Monday, Jun. 30, 1986

Defeat for Strict Creationists

By Michael B. Lemonick.

The strictest creationists, who take the biblical story of creation literally, believe that the earth was created only several thousand years ago, complete with all the animal species that have ever lived. In their vision, some species perished in Noah's flood but until then dinosaurs and people walked the earth together.

Paleontologists do not argue with those who accept this account on faith. But they take strong issue with practition-ers of "creation science," who purport to offer scientific evidence that this Fred Flintstone version of prehistory is correct. For decades a strong piece of that "evidence" has been a cluster of fossilized tracks in the seasonally dry bed of the Paluxy Creek, near Glen Rose, Texas. One track of three-toed footprints was obviously made by a dinosaur. The feet that made another track, crossing the first at an angle, lacked the giant toes and looked human to some. The fact that the two varieties of tracks were made at about the same time, creation scientists have long claimed, shows that humans and dinosaurs coexisted. But thanks to the efforts of investigators like Glen J. Kuban, a computer programmer and amateur track expert--who also happens to believe in the Creator--creation scientists have conceded that the second set of tracks was not human after all.

According to Kuban, whose conclusions were presented last month at a New Mexico symposium on dinosaur tracks and traces and printed in the current issue of the journal Creation/Evolution, the Paluxy tracks have been known to local folk since being uncovered by a 1908 flash flood. The world learned of them in the 1930s, when residents set up roadside stands to sell both real and fake samples of the footprints. When paleontologists went to investigate the source, they saw dinosaur tracks but found the man tracks too indistinct to identify.

In the early 1960s pictures of the site appeared in a creationist book called The Genesis Flood, and the creationist camp seized on them to prove their contention that all species had once coexisted.

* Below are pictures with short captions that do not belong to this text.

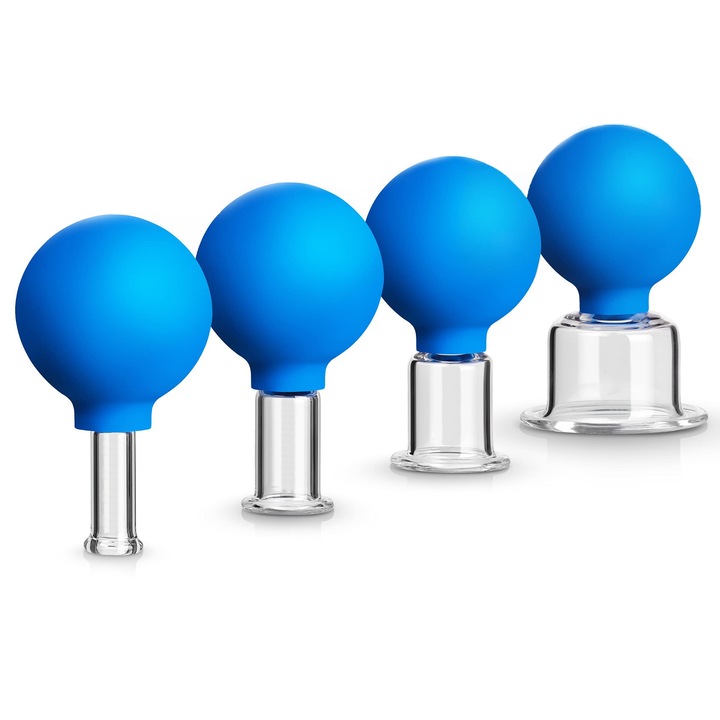 Set 4 cupe de masaj cu ventuze, Cozevdnt, silicon, albastru, diametru tub 15x25x35x55mm, diametru bila 55mm, inaltime totala 95mm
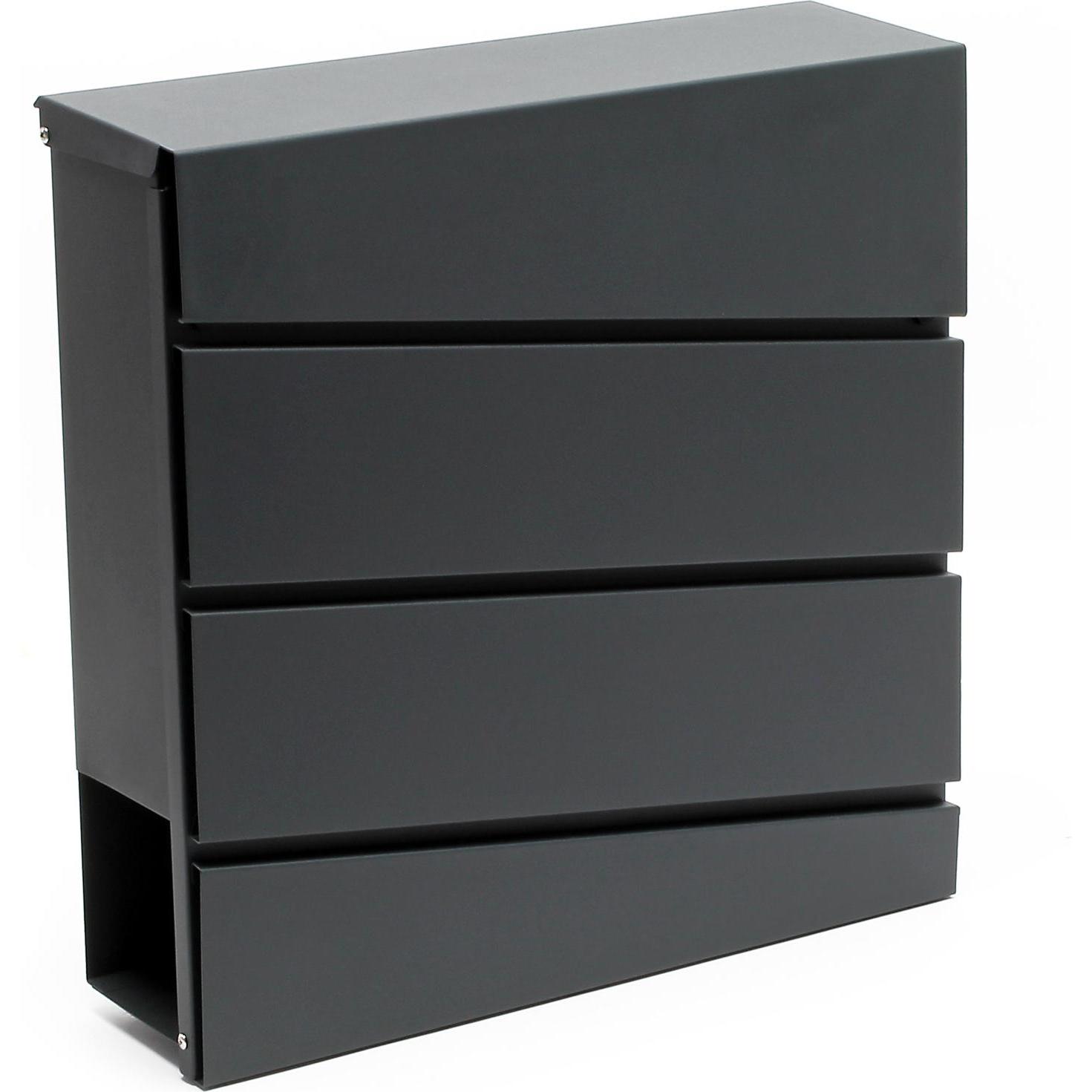 Wiltec, Briefkasten, Briefkasten V16 Anthrazit 370x105x370mm Schloss Zeitung pulverbeschichtet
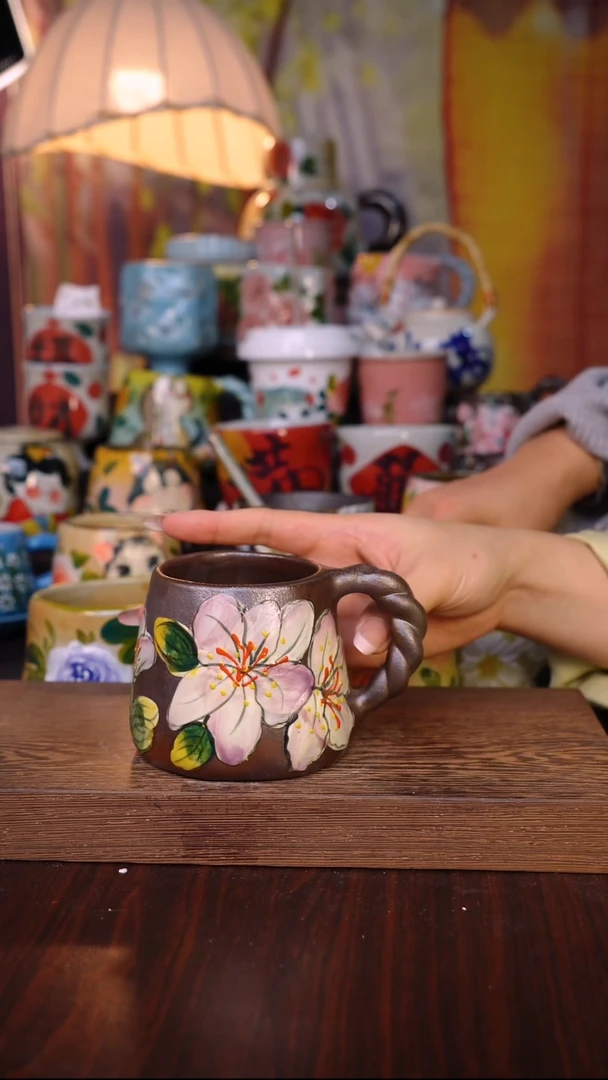 杯子陶泥垚手作 景德镇手工手绘陶瓷器物
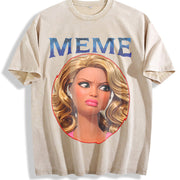 Meme Glam Doll Vintage Washed T-Shirt in Beige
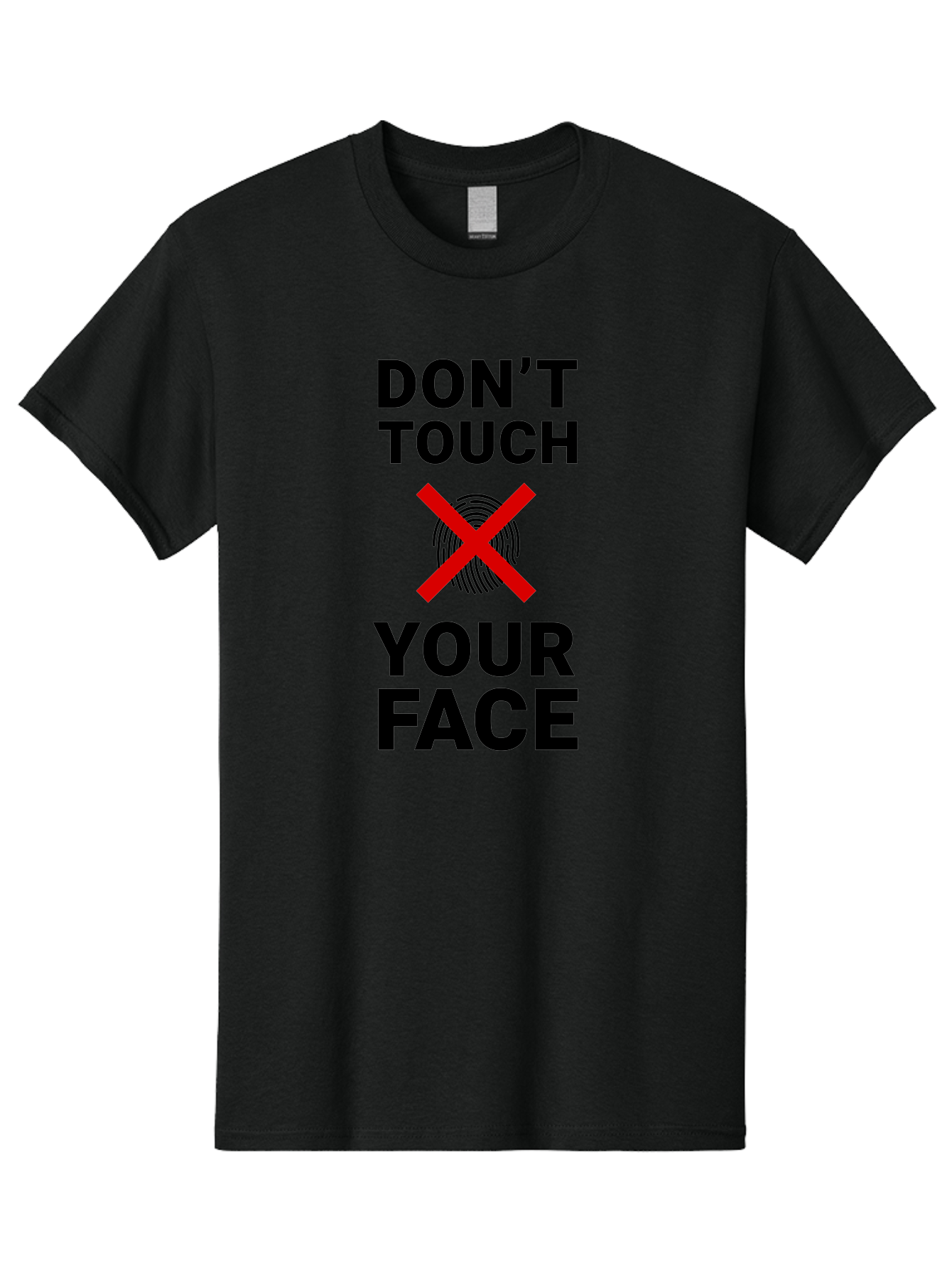 Don-T-Touch-Your-Face Men'S Graphic Tee, 100% Cotton, Comfortable Casual Summer Wear, Machine Washable, Public Health Warning, Hygiene Reminder, Face Touching Prevention, Fingerprint Graphic, Red Cross Symbol, Health Safety Message, Aab901 19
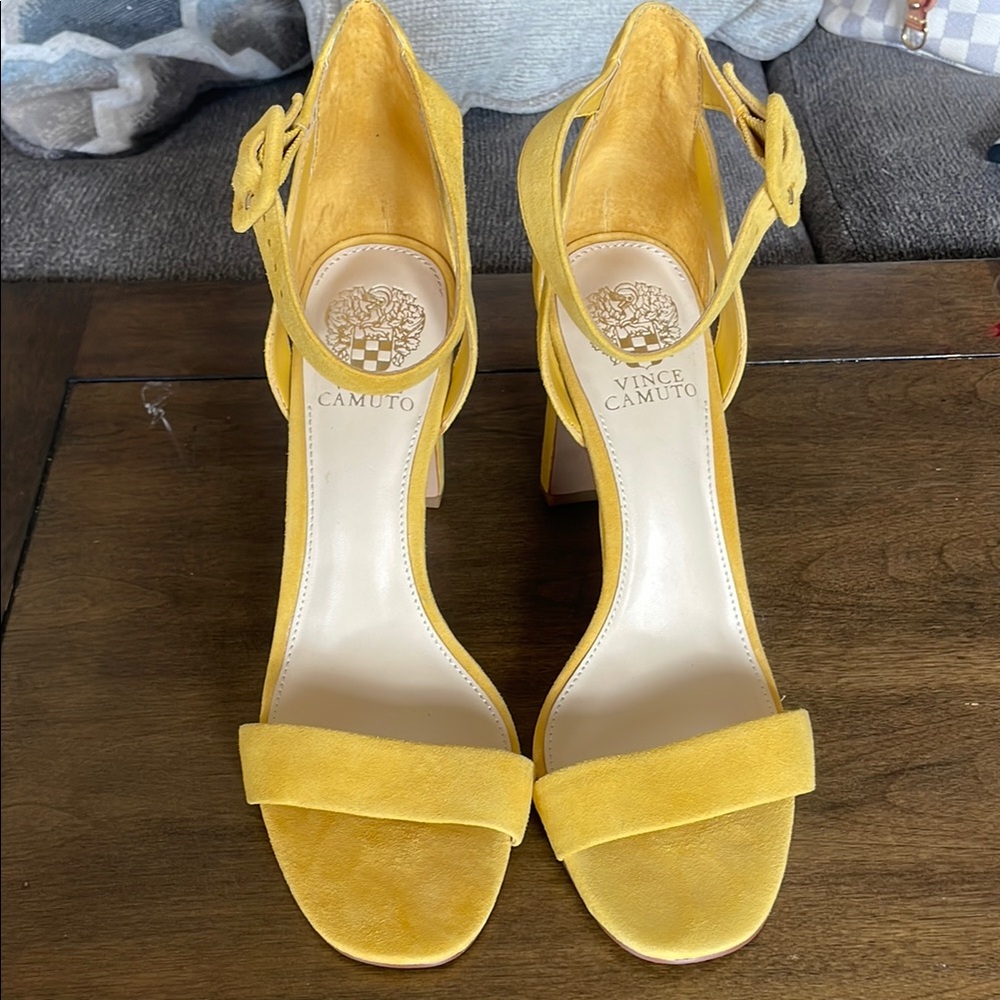 Vince Camuto Yellow 4 inch Heels with Ankle Strap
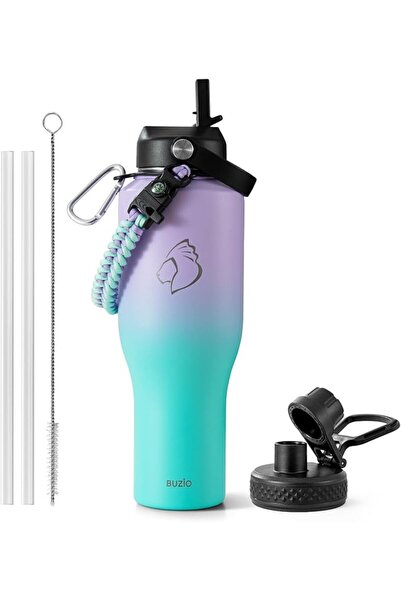 BUZIO Beauchy 32oz Insulated Water Bottle Fits in Car Cup Holder Stainless St...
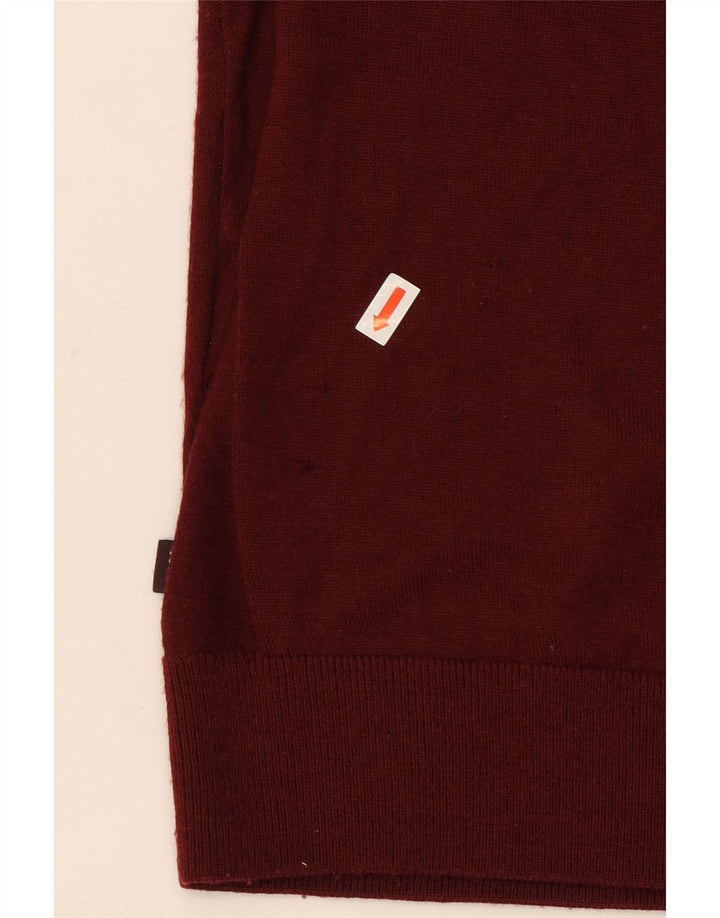 MICHAEL KORS Jersey de cuello redondo para hombre, suéter grande de lana burdeos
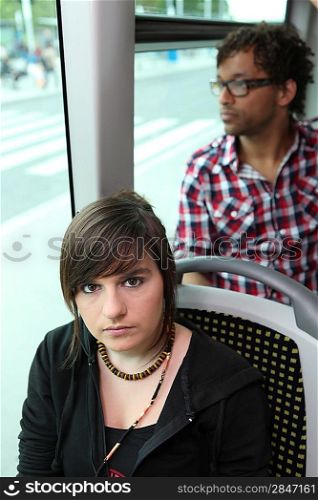 teenage girl in the bus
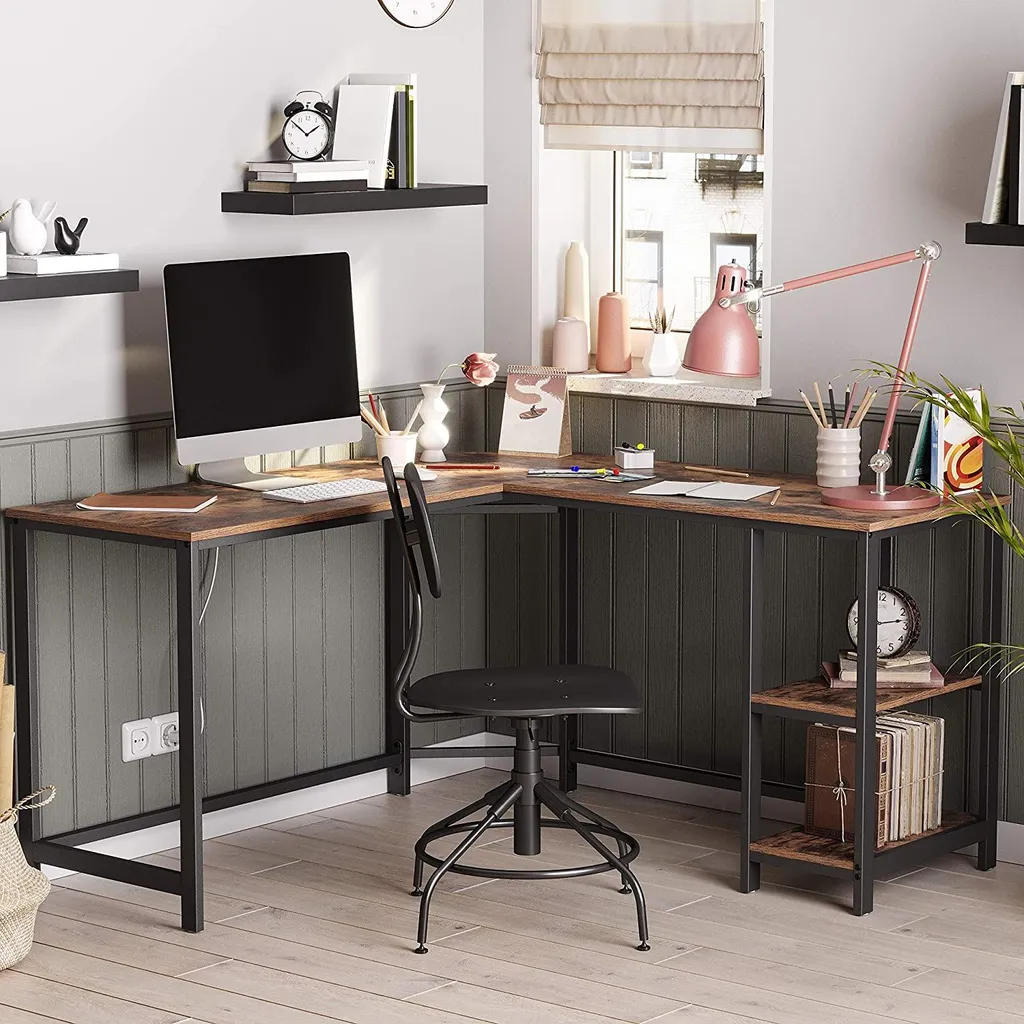 Bureau d'angle Fabrice 138cm marron rustique et noir avec 2 tablettes - 2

The arguments were precariously based on the widely held belief that bipedal dinosaurs stepped toe first when walking, a conclusion bolstered by the fact that their tracks usually include only the front part of the foot and the three toes, with the heel generally faint or missing. At Paluxy, some prints are oblong and toeless. True, they are 15 to 20 in. long, but, argue creationists, they could conceivably have been made by biblical giants.

Enter Glen Kuban. "I decided that if it really was true, somebody ought to go down and document it better," he says. "If it wasn't true, then that ought to be demonstrated better too." He found that shallow grooves at the front of the tracks were typical of dinosaurs, not humans, and that the tracks widened at the front more than human prints would. It was not until later, Kuban recalls, that he noticed toeprints, outlined in the same bluish-gray material that helps distinguish the tracks from the tan-ivory surrounding rock. Further study revealed similar tracks, but with distinct toeprints.

"In other words," says Kuban, "there was no question that a dinosaur was capable of making these elongated prints." He offers several explanations for the toelessness, all acceptable to paleontologists: soft mud might have filled the narrow toe marks soon after the dinosaur walked by. Then, too, some other material may have sifted into the toe marks long after the prints hardened. Or perhaps, for some reason, erosion distorted the prints. Even before Kuban's findings, mainstream scientists did not lose much sleep over the Paluxy footprints. Says Harvard Paleontologist Stephen Jay Gould, who has visited the site: "Everyone knows that they are dinosaur tracks. It's been a non-issue in the field for a long time." The question of whether some dinosaurs stepped heel first, however, remains. Kuban's contention that they came down on their metatarsals "fundamentally reorganizes what we know about the foot anatomy of bipedal dinosaurs," says David Gillette, curator of paleontology at the New Mexico Museum of Natural History and organizer of the symposium. University of Texas Paleontologist Wann Langston is not so sure. Since Kuban is not an anatomy expert, Langston maintains, " the jury is still out."

But even creation scientists concede that the verdict about the "man prints" has been convincingly handed down. "As a scientist, I am willing to be wrong if I am wrong," says John D. Morris, associate professor of geology at the Institute for Creation Research in El Cajon, Calif. His book Tracking Those Incredible Dinosaurs and the People Who Knew Them and a creationist movie on the same subject have been withdrawn from circulation.